Jerker Review

King’s Head Theatre, Islington – until 23 November 2019

Reviewed by Antonia Hebbert

3***

The playwright called this ‘A Pornographic Elegy with Redeeming Social Value and a Hymn to the Queer Men of San Francisco’, which along with the title is maybe all you need to know. But to justify being here and give a little more detail, here goes.

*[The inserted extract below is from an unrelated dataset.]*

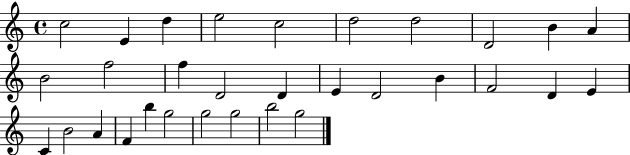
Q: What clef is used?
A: treble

At the flamboyant height of the San Francisco gay scene of the 1980s, two men have a relationship by telephone, in which they describe in intimate physical detail exactly what they imagine doing to each other, and tell each other what to do to themselves. They talk about sexual encounters, in detail, and take each other into fantasies, both violent and playful. All good hot fun, except that AIDs has just emerged and is grimly reaping its way through the gay community. So as well as being erotic/pornographic, this 1985 play by Robert Chesley is a defiant celebration of the male body and all the exuberances of male sex and intimacy.

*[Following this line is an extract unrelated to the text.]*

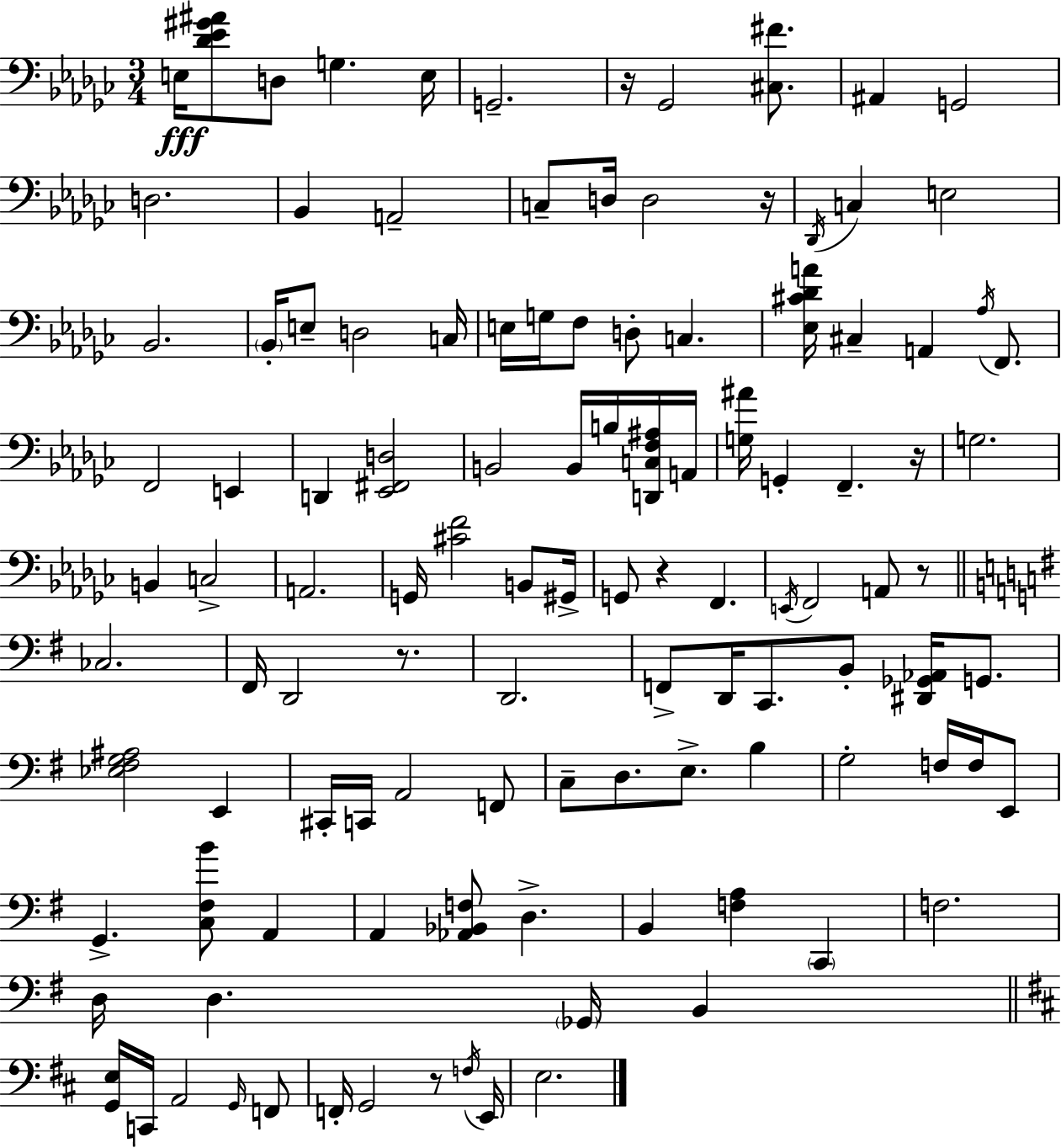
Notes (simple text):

E3/s [Db4,Eb4,G#4,A#4]/e D3/e G3/q. E3/s G2/h. R/s Gb2/h [C#3,F#4]/e. A#2/q G2/h D3/h. Bb2/q A2/h C3/e D3/s D3/h R/s Db2/s C3/q E3/h Bb2/h. Bb2/s E3/e D3/h C3/s E3/s G3/s F3/e D3/e C3/q. [Eb3,C#4,Db4,A4]/s C#3/q A2/q Ab3/s F2/e. F2/h E2/q D2/q [Eb2,F#2,D3]/h B2/h B2/s B3/s [D2,C3,F3,A#3]/s A2/s [G3,A#4]/s G2/q F2/q. R/s G3/h. B2/q C3/h A2/h. G2/s [C#4,F4]/h B2/e G#2/s G2/e R/q F2/q. E2/s F2/h A2/e R/e CES3/h. F#2/s D2/h R/e. D2/h. F2/e D2/s C2/e. B2/e [D#2,Gb2,Ab2]/s G2/e. [Eb3,F#3,G3,A#3]/h E2/q C#2/s C2/s A2/h F2/e C3/e D3/e. E3/e. B3/q G3/h F3/s F3/s E2/e G2/q. [C3,F#3,B4]/e A2/q A2/q [Ab2,Bb2,F3]/e D3/q. B2/q [F3,A3]/q C2/q F3/h. D3/s D3/q. Gb2/s B2/q [G2,E3]/s C2/s A2/h G2/s F2/e F2/s G2/h R/e F3/s E2/s E3/h.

The actors are the very believable Tibu Fortes (Bert) and Tom Joyner (J.R.), and mostly they’re talking from their beds at each end of the performance space, with the audience crowded in on three sides. The setup is the same as for A Prayer for Wings, reviewed elsewhere, but much neater and tidier. This production also has intimacy directors (Enric Ortuno and Yarit Dor), which may be why it always feels like a play (albeit a pornographic one) rather than a peepshow.

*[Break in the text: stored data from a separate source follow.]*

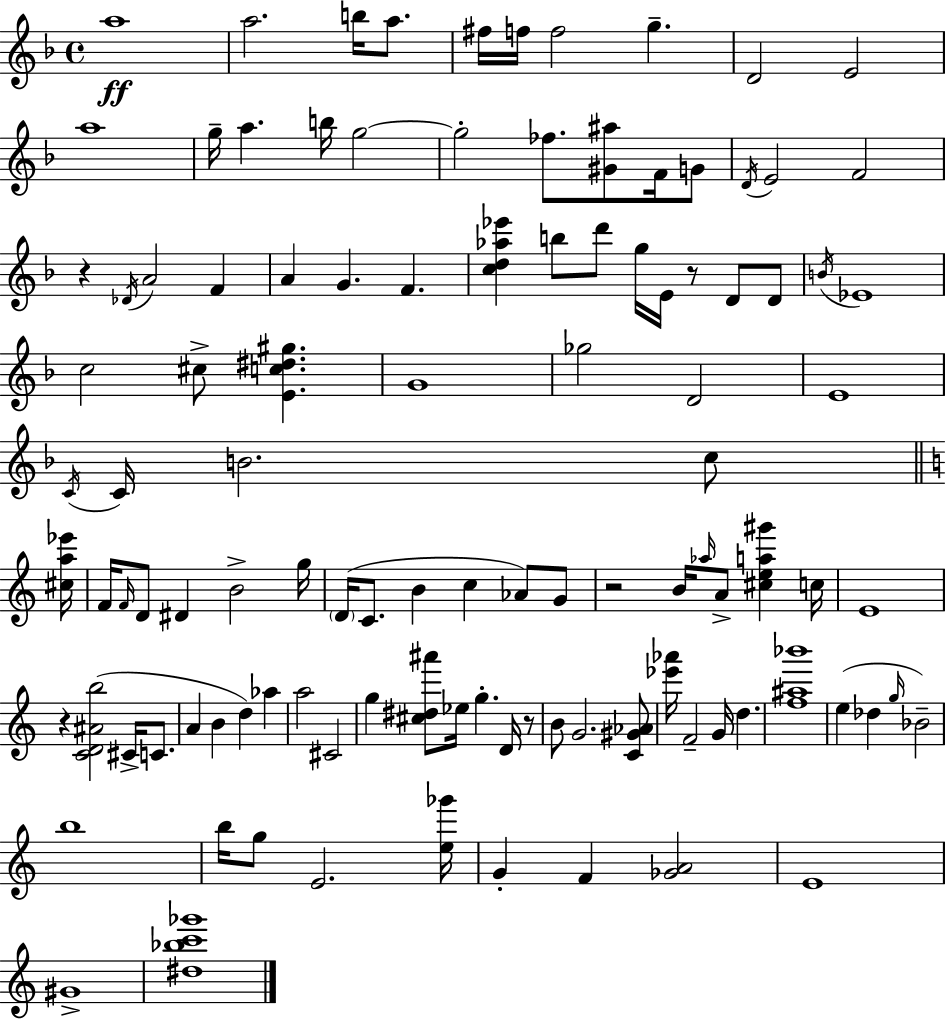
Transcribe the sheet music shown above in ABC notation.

X:1
T:Untitled
M:4/4
L:1/4
K:F
a4 a2 b/4 a/2 ^f/4 f/4 f2 g D2 E2 a4 g/4 a b/4 g2 g2 _f/2 [^G^a]/2 F/4 G/2 D/4 E2 F2 z _D/4 A2 F A G F [cd_a_e'] b/2 d'/2 g/4 E/4 z/2 D/2 D/2 B/4 _E4 c2 ^c/2 [Ec^d^g] G4 _g2 D2 E4 C/4 C/4 B2 c/2 [^ca_e']/4 F/4 F/4 D/2 ^D B2 g/4 D/4 C/2 B c _A/2 G/2 z2 B/4 _a/4 A/2 [^cea^g'] c/4 E4 z [CD^Ab]2 ^C/4 C/2 A B d _a a2 ^C2 g [^c^d^a']/2 _e/4 g D/4 z/2 B/2 G2 [C^G_A]/2 [_e'_a']/4 F2 G/4 d [f^a_b']4 e _d g/4 _B2 b4 b/4 g/2 E2 [e_g']/4 G F [_GA]2 E4 ^G4 [^d_bc'_g']4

It’s significant that J.R., who makes the first phone call, is a historian – he is preserving a moment in queer history. Times have changed, and HIV/AIDS doesn’t hold quite the same sort of dread. It’s a little like watching an old war film in a time of relative peace. But for director Ben Anderson the play still has an important message about openness. In Chesney’s words, ‘prudery kills … nobody ever died from being offended’.